Technologies and Authentic Activities


Authentic learning tasks are real-world activities -- tasks or problems that a student would encounter in life. For example, an instructor gives college students the task to produce a documentary film. Since technology has advanced, this kind of project provides learning tasks that result in a real product. The task requires a student to solve a series of problems that lead to a final meaningful product (Reeves, Herrington, & Oliver, 2002). Teachers need to develop learning activities that are grounded in reality. I don't think we can ask students to memorize long lists of dates that have no meaning outside the need to pass an exam. True-false questions or multiple choice answers are teacher driven. That is the traditional assessment. Authentic learning and assessment, as in life, requires that a student demonstrate proficiency (Mueller, 2012).

Ten characteristics of authentic learning tasks were identified by Reeves, et al. (2002) to help instructors design authentic tasks.
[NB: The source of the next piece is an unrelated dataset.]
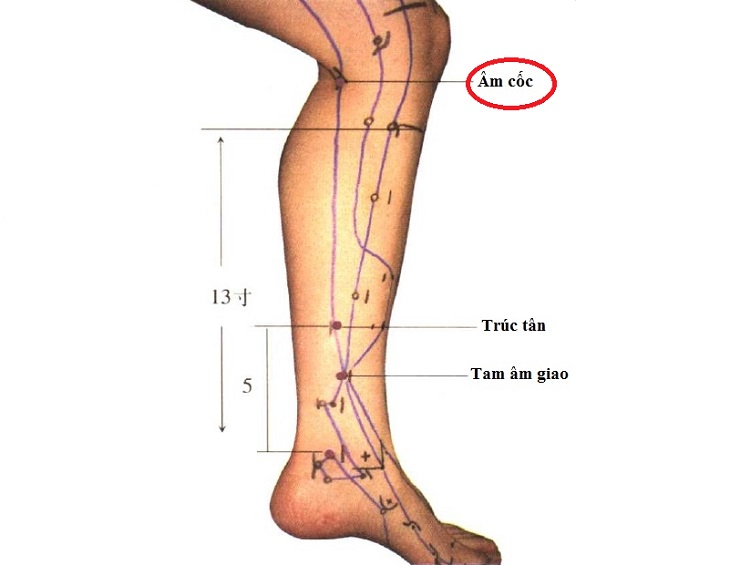 Huyệt nằm tại sâu cầu trong xương chày, giữa gân lớn và gân nhỏ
They included:

1.  Real-world relevance for all tasks -- Activities match real-world tasks of professionals.
2.  Ill-defined -- Requiring students to define the tasks and sub-tasks needed to complete the activity.
3.  Complex, sustained tasks to be completed in days, weeks, and months rather than minutes or hours.
4.  Multiple perspectives where students examine the task from different perspectives.
5.  Collaboration is integral and required for task completion.
6.  Value laden -- Provides opportunities to reflect and involve students’ beliefs and values.
7.  Interdisciplinary perspectives enable learners to play diverse roles and build expertise.
8.  Assessment is integrated with learning that reflects how quality is judged in the real world.
9.  Activities create polished products valuable in their own right rather than as preparation for something else.
10.  Multiple possible outcomes -- Activities allow a range and diversity of outcomes open to multiple solutions of an original nature, rather than a single correct response obtained by the application of predefined rules and procedures. (Reeves, et al., 2002)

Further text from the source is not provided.